When we first thought about doing this thing, we were in New Jersey. We figured we would just go to the closest Boxy McBoxerson, pick up a shit-load of galvy-pipe, a few 90’s, a couple of bases, and we’d be all set. But then we started looking at the manufactured sort, the kind “they” (the boat manufacturing industry) built to perfectly fit the mass-produced sailing vessels from a once thriving (but no longer) American boat-building industry.

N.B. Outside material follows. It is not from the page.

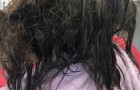 Friseurin braucht 13 Stunden, um die ungepflegten Haare eines Mädchens zu schneiden: Sie hatte sie seit Monaten nicht gepflegt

With the discovery of a boat junkyard (never to be ignored), we also discovered a rail that would work. And then they wanted too much money. And then we saved up some and then they had sold it.
Fuckers.
But we discovered another rail that would work, with a little reciprocal-saw action. We cut that fucker up, put it in a truck (Thanks Bobby!), hauled it back to the boat…
Removed the old stuff…
And started putting it together.
Not always graceful…
Or dignified…
With the old wind generator gone and the new rail in place, it looks so clean and functional. We have to redesign everything about using that space. We’d planned to put the propane tanks, the folding ladder, the Fortress stern anchor, both of the Siemans 75 watt solar panels, the fenders, and spare lines on that rail while also using it to route the Monitor windvane control lines.
Not going to happen.
We’ll pick the best and make it work – propane tanks, Monitor lines, hopefully the solar panels, and not much else.
Next project!
And oh yeah – we quit our jobs!







Ahhh, once again I am refueled by The life and Times of the 2 Captains. Sorry about the shit thing, WTF ? Is all I can think of. But getting back to you guy’s. I’m glad your back in your Happy zone , working on the boat will always pay dividends . Maybe not a quick return, but hey It’s an adventure ,like anything else. I have been reading the Waterway Guide. It’s really cool to see the east from a different perspective. I was mostly a mountain kine guy, back in the day. Haha But , I wish you both the most joy and Aloha. Thanks for the great read and showing those rich fuckers , how real people are. Aloha and Happy Trails.
Thanks Tom!
Aloha my friend…
This is all so fun to read, the goofy and the glory and the great. I can’t believe someone shat in your little boat, WTF????? And it sounds like that’s not the only shitty thing that happened. But way to keep your eye on the horizon, and congrats on your lovely aft rail.
The shower in the rain — what cinematic perfection, that moment in time. I enjoy following along but generally don’t envy y’alls rigorous lifestyle. Way too hardcore for me in a hundred ways. But now and then the appeal is just so compelling. That rain shower on the waves made me long to take to the vagabond sea for just a minute.